Por seu lado, LE FIGARO, titula Código do trabalho: o que a reforma mudará. Enquanto a segunda mobilização da CGT, confederação sindical comunista, contra a lei do trabalho se saldou num fracasso, os decretos serão adoptados hoje em conselho de ministros. 

Amanhã, o líder da França Insubmissa, Jean Luc-Mélenchon, vai medir forças com Macron, apelando a manifestação, mas os decretos já estarão adoptados pelo conselho de ministros, nota LE FIGARO, sublinhando que as novas regras dão satisfação a patrões de pequenas e médias empresas que esperam muito da reforma de aprendizagem e formação profissional.

Uma coisa é certa, Emmanuel Macron, ainda não saiu indemne com a sua lei laboral, replica L'HUMANITÉ. As mobilizações de ontem foram de novo importantes, registando-se muitos ab-sentismos nas empresas. Democracia social, não é lamber as botas do patrão, sublinha L'HUMANITÉ.A nível internaciona,

A nível internacional, LIBÉRATION, titula Especial Alemanha, e no fim, é Merkel que ganha?

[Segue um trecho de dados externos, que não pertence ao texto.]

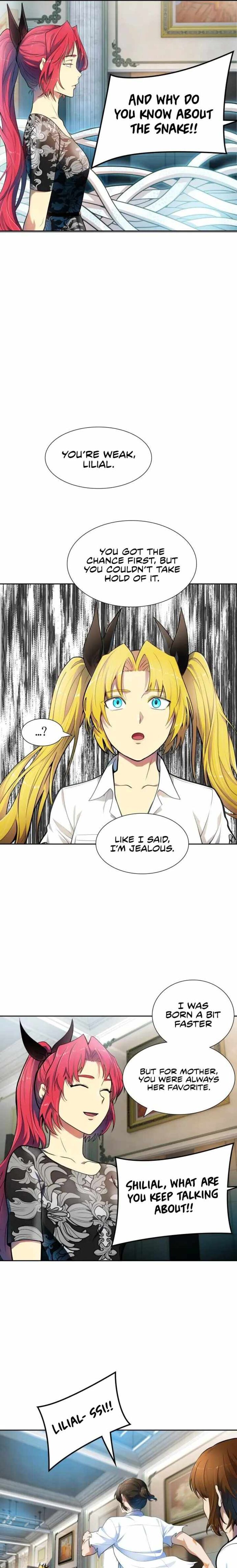 Tower Of God Chapter 568 Page 35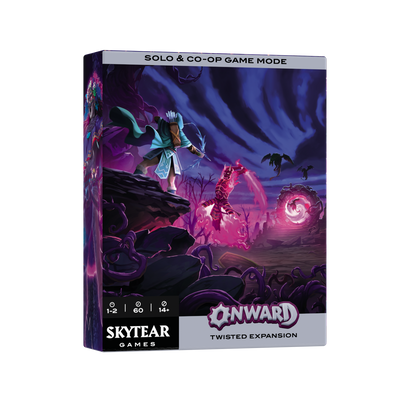 Onward: Twisted Expansion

No poder há 12 anos, Angela Merkel é a grande favorita destas eleições e poderá ser reeleita, apesar de desigualdades galopantes e do aumento da extrema-direita na Alemanha.

O seu partido, a CDU, promoveu a imagem de estabilidade de Merkel e descurou os desafios cruciais da sociedade. Segundo o politólogo Timo Lochoki do German Marshall Fund, a CDU e o SPD, que governam em coligação, não sabem na verdade o que defendem, acrescenta LIBÉRATION.

Voto alemão, desafio europeu, é o principal título do jornal LA CROIX. No seu editorial, Jogo aberto, o jornal nota que os resultados das eleições legislativas na Alemanha terão algumas consequências em França e na Europa.

O problema com os oráculos, é que podem enganar-se e tiram conclusões apressadas. A coligação indispensável a Angela Merkel não se vê de maneira clara.

Longe de obter sozinha uma maioria segundo os prognósticos, a CDU, está condenada a encontrar parceiros num jogo aberto : a aliança com a extrema-direita e com a extrema-esquerda foi posta de lado.

Esta aliança só pode ser com o SPD, que já governa numa coligação com a CDU, esgotada, logo, os liberais da FDP, tentam fazer ouvir a sua voz, nota no seu editorial, LA CROIX.

É o segundo título do jornal LE MONDE, que escreve que o  partido da chanceler alemã é favorito nas eleições legislativas de domingo. Apesar de 12 anos no poder, a personalidade Merkel continua a ser um enigma para os seus concidadãos.

Ela é insondável, uma mulher que adoptou o culto da discrição como método de governar. A sua personalidade foi forjada pela sua juventude passada na RDA.

Mas a vitória de Merkel é uma quase certeza na Alemanha, que vai sair fragmentado destas eleições, com o SPD, a tentar limitar os estragos, o FDP, liberal em queda livre e uma extrema-direita, que poderá entrar no Parlamento federal pela primeira vez ha história da Alemanha, enquanto estado de direito democrático, nota LE MONDE.

Enfim, em relação à África, LA CROIX, destaca o cansaço da rua no Togo. Estamos cansados, diz um manifestante da série de manifestações paralelas de apoiantes da oposição e do presidente Faure Gnassimgbé, que quer um referendo sobre a revisão da constituição para ficar no poder.

O Togo marcha contra a dinastia Gnassimgbé, replica LIBÉRATION, que nota que dos 100 mil manifestantes de 7 de setembro, se passou, esta quarta-feira, para alguns milhares de jovens, certos deles, menores, nas ruas de Lomé.